A recent email notification left many students wondering about the lag in the laws devoted to tracking those convicted of sexual crimes. The notification was sent on Nov. 4, more than two months after the start of the semester, informing students that a level-two sex offender is currently enrolled at Oswego State. The email contained a link to a page identifying the student as Mark Patane. Patane originally agreed to an interview with The Oswegonian but later reneged.
The information was dispersed in compliance with the federal Campus Sex Crimes Prevention Act, which amended federal education laws, according the U.S. Department of Education website. Under the amendment, institutions of higher education are required to inform the campus community about where they can find information about registered sex offenders. Students who use this information to injure, harass or commit a crime against anyone are subject to criminal prosecution, according to the New York State Division of Criminal Justice Services (DCJS) website.
University Police Chief Cynthia Adam said it is very rare that sex offenders apply to Oswego State. When a sex offender enrolls at a university, both the sex offender and the DCJS must inform the university police about their crime, she said. After that, information on the sex offender’s enrollment must be made available to students and faculty.
Adam said that this can sometimes take a while because the DCJS deals with thousands of sex offenders. Janine Kava, the deputy director of public information for the New York State DCJS said in an email that there are 33,137 registered sex offenders on the state’s Sex Offender Registry as of Nov. 14.
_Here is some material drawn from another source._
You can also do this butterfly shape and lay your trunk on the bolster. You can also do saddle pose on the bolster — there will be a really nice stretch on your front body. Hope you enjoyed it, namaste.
The university police handles the situation once the notification is received from the DCJS.
“With any new bureaucratic process, it takes a while to get everything smoothed out,” Adam said. “Our school is trying to comply with the spirit of the law.”
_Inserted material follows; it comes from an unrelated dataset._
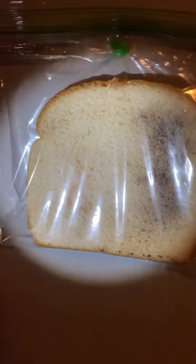This mold helps break it down because it is a decomposer. I'll give you another update next week because I'm going to keep my eye on the bread and see how it progresses. Alright guys, bye for now!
Adam said that over the past 30 years, these laws have brought a greater awareness to people about potential dangers in their community.
People are becoming more privy to information that could safeguard them down the road.
“[The laws] exist to protect us citizens,” she said. “You should have a right to know who your neighbors are.”
This information is even more readily available with the recent advent of the Sex Offender Locator Application on Facebook. The application is available through the New York State Public Safety Page. Kava said that the application appeals to a whole new audience of people in a way that they are familiar with. As Facebook becoming increasingly mainstream, Kava said it made sense to use this medium.
“Information and knowledge are power,” Kava said. “It’s just one more thing people can do to keep themselves safe.”
Despite the availability of information provided by the laws and the email that was sent out, students are not at ease with the revelation. Tommy Powell, an Oswego State student, said that he was shocked when he found out that he had two classes with Patane.
“I wish I had just a little more knowledge than an email saying this guy is a sex offender,” Powell said.
This information could be important to himself and the people around him, he added. When the email was initially sent out, a couple of girls in one of Powell’s classes were uneasy and uncomfortable, he said. Apart from that, everyone was just trying to focus on schooling.
“Once you have a [sex offending] label for level two or three, it stays with you for life,” Adam said. “It does make your movements in society very transparent.”